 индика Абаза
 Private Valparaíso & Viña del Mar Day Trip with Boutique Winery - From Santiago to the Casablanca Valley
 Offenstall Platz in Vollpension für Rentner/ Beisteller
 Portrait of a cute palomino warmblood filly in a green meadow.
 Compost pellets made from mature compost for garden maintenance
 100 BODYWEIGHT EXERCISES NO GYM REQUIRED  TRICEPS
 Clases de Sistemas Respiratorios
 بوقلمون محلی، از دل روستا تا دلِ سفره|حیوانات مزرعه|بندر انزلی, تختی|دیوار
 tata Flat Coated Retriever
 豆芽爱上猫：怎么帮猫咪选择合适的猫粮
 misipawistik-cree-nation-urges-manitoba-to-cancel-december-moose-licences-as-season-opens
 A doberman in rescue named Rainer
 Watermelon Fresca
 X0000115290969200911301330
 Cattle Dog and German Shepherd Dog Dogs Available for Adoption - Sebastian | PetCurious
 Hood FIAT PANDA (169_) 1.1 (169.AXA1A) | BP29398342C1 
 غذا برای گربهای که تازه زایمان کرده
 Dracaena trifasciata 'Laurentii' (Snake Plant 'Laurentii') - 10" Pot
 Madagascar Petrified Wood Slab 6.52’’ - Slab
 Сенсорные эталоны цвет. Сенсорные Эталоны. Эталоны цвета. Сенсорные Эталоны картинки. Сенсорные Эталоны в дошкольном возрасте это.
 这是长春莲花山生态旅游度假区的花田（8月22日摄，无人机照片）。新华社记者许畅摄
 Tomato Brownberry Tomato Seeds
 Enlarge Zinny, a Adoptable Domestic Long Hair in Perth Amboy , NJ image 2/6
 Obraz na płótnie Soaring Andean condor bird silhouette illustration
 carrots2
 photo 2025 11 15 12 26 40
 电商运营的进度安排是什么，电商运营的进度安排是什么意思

__Exercise objective__. For this exercise, output the records in full, exactly.

__Finished task__.
 индика Абаза
 Private Valparaíso & Viña del Mar Day Trip with Boutique Winery - From Santiago to the Casablanca Valley
 Offenstall Platz in Vollpension für Rentner/ Beisteller
 Portrait of a cute palomino warmblood filly in a green meadow.
 Compost pellets made from mature compost for garden maintenance
 100 BODYWEIGHT EXERCISES NO GYM REQUIRED  TRICEPS
 Clases de Sistemas Respiratorios
 بوقلمون محلی، از دل روستا تا دلِ سفره|حیوانات مزرعه|بندر انزلی, تختی|دیوار
 tata Flat Coated Retriever
 豆芽爱上猫：怎么帮猫咪选择合适的猫粮
 misipawistik-cree-nation-urges-manitoba-to-cancel-december-moose-licences-as-season-opens
 A doberman in rescue named Rainer
 Watermelon Fresca
 X0000115290969200911301330
 Cattle Dog and German Shepherd Dog Dogs Available for Adoption - Sebastian | PetCurious
 Hood FIAT PANDA (169_) 1.1 (169.AXA1A) | BP29398342C1 
 غذا برای گربهای که تازه زایمان کرده
 Dracaena trifasciata 'Laurentii' (Snake Plant 'Laurentii') - 10" Pot
 Madagascar Petrified Wood Slab 6.52’’ - Slab
 Сенсорные эталоны цвет. Сенсорные Эталоны. Эталоны цвета. Сенсорные Эталоны картинки. Сенсорные Эталоны в дошкольном возрасте это.
 这是长春莲花山生态旅游度假区的花田（8月22日摄，无人机照片）。新华社记者许畅摄
 Tomato Brownberry Tomato Seeds
 Enlarge Zinny, a Adoptable Domestic Long Hair in Perth Amboy , NJ image 2/6
 Obraz na płótnie Soaring Andean condor bird silhouette illustration
 carrots2
 photo 2025 11 15 12 26 40
 电商运营的进度安排是什么，电商运营的进度安排是什么意思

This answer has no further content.